This is Levelheaded Talk, a discussion on radically upgrading personal and professional relationships with emotional sobriety. This is a podcast brought to you by expert and speaker, Dr. Andrea Vitz, and is not intended to replace the advice of your medical professional.

0:29 Jon
Welcome to Levelheaded Talk. We're closing up a week here where we've done some self-exploration, and with some very insightful tips on how to process things in the moment. Notice I'm not calling them hacks, because I don't like that. They're more thoughtful than that. They're more thoughtful, and they deserve repetition. They deserve training. And they're really good. So, yesterday we talked about projection. What, how do you follow that to close up a glorious week?

1:09 Andrea
I want to talk about something a little bit different, even though it's still in alignment with the human being. And it's a topic that's been coming up for several weeks. It's been this theme, being condescending in your relationships, there's such a misunderstanding. I hear a lot of couples. Obviously, I work with a lot of couples.
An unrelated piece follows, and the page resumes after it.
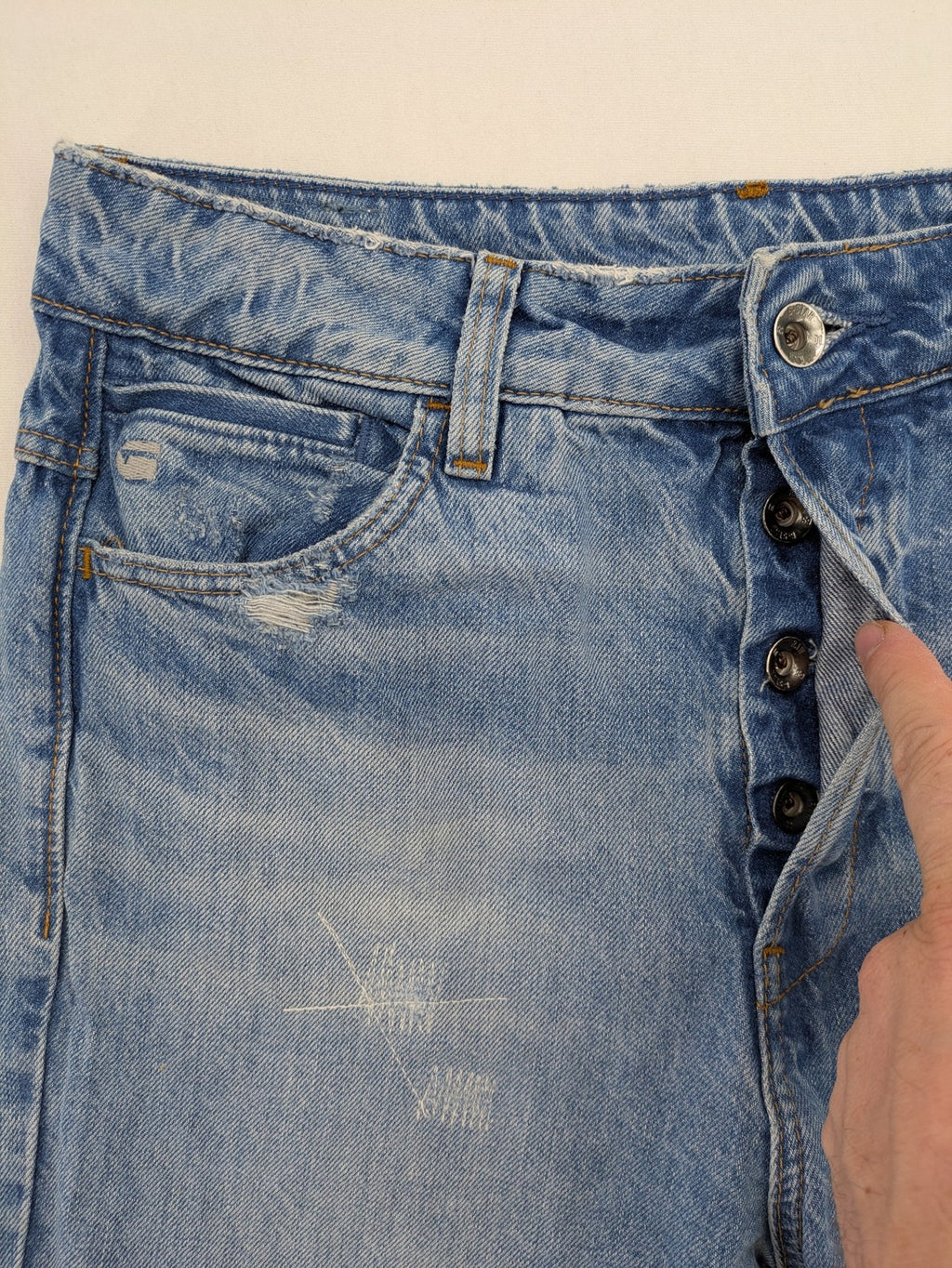 G-Star Raw blue distressed high boyfriend jeans with ripped details and classic button closure.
And one of the most common complaints I receive, and both people say it in the relationship, is they're just so condescending.

They just have this condescending tone. And I've actually taught this to several of my CEOs as a really great tool in their tool belt to help them lead more effectively and not quote “get in trouble” with their employees. And one of the ways to do that is you really have to look at why you are being condescending or why you might be coming off as seeming that you're like you're condescending.

So think about that. When you're condescending, you're essentially descending down on someone else to gain superior superiority or power. You see that?

If I want to establish control, command, or power over someone in a conversation, if I'm condescending, I'm going to make you feel small, shameful, guilty, stupid. I need that so that I can have an upper hand. I say “I” but I don't do that now.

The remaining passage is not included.